Come on, Dover, move yer bloomin' arse!

We valiantly avoid acquiring a gambling addiction!

For Date Night, I surprise the DNB with a trip to the track. As in the horse track. The DNB has a history of being able to guess any and all surprises I attempt, partly due to his own acumen, and partly due to others making comments like, "How was that surprise trip to Six Flags? Oh, it's next weekend? Oops." But this time, he is completely fooled because he does not know we have Live Thoroughbred Racing in Indiana.

Admission and parking are both free, presumably paid for by the 10,000 off-track bets placed on each race. The facility is huge, a bar in the center and rows upon rows of televisions broadcasting other races. It's surprisingly full, for a Monday at 4:30pm. People sit, making notations in the program, staring up at the screens, smoking, piles of crumpled betting tickets beside them.

We are out of place, the DNB in his plaid shorts and I in my open-toed sandals, and we have no idea how this all works.

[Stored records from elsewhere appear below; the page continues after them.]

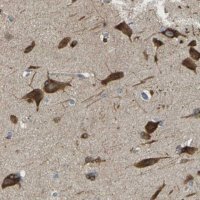 Anti-DSCAM antibody produced in rabbit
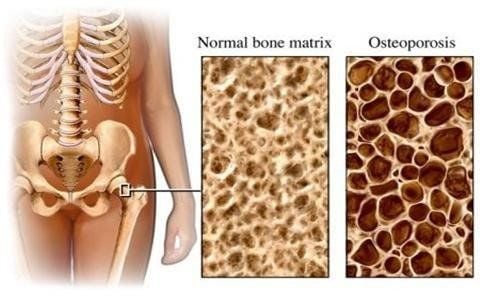 Calcium Deficiency Causes Osteoporosis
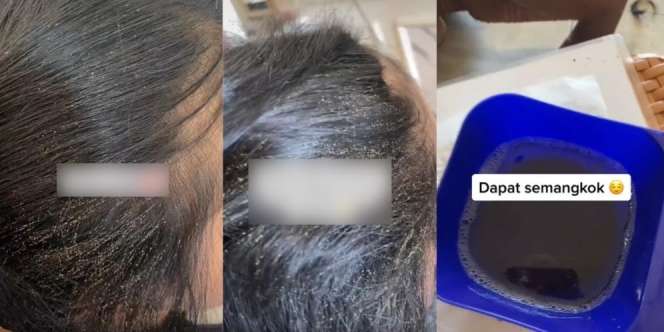Pemilik Salon Syok Lihat Kutu Rambut Menempel Kayak Butiran Beras, Cuma Disisir Dikit Langsung Dapat Semangkok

We go sit outside, amongst a sparse group of spectators with programs and pencils. The display in the center of the track tells us it's five minutes to "post."

I look at the odds and make my First Practice Pick, taking Number 8. He's in the middle of the pack, betting-wise, and I figure he has a decent shot. Two owners stand behind us, speaking the unfamiliar lingo of the racing world. All I understood was that if Number 5 didn't place, his owner was going to give him away. Apparently he's not keeping his head up.

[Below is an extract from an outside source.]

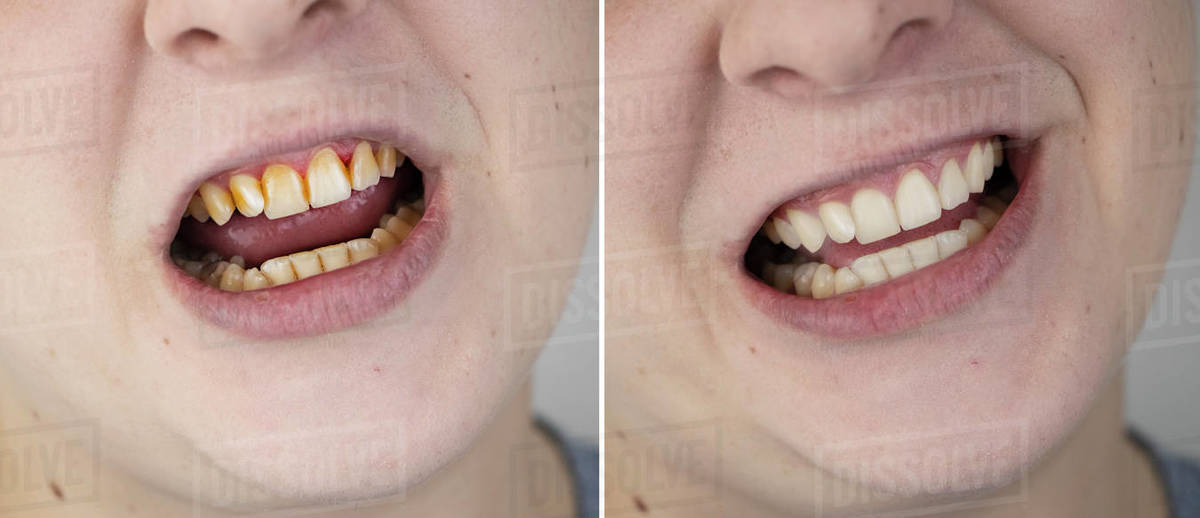 Teeth of a man before and after bleaching. The dentist removed yellow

Number 8 wins! I am ecstatic. Clearly I have a gift. The owner of Number 5 has disappeared, along with my opportunity to get a free horse.

The next race approaches, and we watch the horses as they are brought into the corral at the back for examination and saddling. The jockeys appear from the Jockey Room. They are unbelievably small. I am entranced by these tiny full-grown men and a little amazed that each of them has both the ability to handle a horse and the stature of a 10-year-old. The movie "Seabiscuit" draws attention to this dichotemy and the resulting eating disorders that are common as jockeys struggle to maintain their very low and specific weights, often under 110 lbs. Many of the jockeys we see are Mexican.

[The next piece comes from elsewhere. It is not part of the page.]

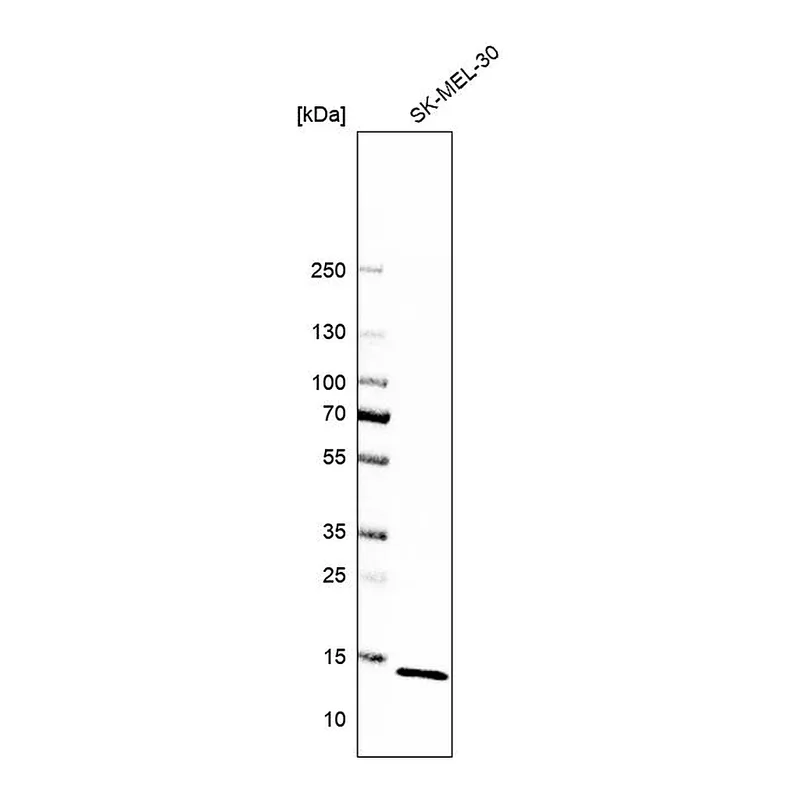 Atlas Antibodies Anti-ATP6V1G1 Antibody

I pick the biggest, most majestic looking animal. The DNB likes the one frothing at the mouth. Neither of us wins in our Second Practice Pick. Or our Third. I am beginning to think I may not have a gift, after all.

For the fourth race, we decide to finally make things interesting. I pick Number 10, Devil May Care, a tall, good-looking horse with a deep brown coat. The DNB picks Number 11, Gold Rush, who is bucking in his stall. We bet five dollars and eagerly stand along the rail beside the track. Devil May Care is the longest shot of them all at 50:1. Whoops. Gold Rush is a more likely choice, at 6:1.

We cheer loudly as the race begins. Gold Rush makes a valiant showing early on, but falls behind on the home stretch. Devil May Care disappoints with a second-to-last finish. We're out ten whole dollars, and learn the hard way that my method of picking the "prettiest" horse is flawed, as is the DNB's optimistic approach of betting that the most uncooperative one will rise to the challenge. We agree that this Date Night experience calls for a Wikipedia search on "horse racing," "horse betting," and "how to win at the race track."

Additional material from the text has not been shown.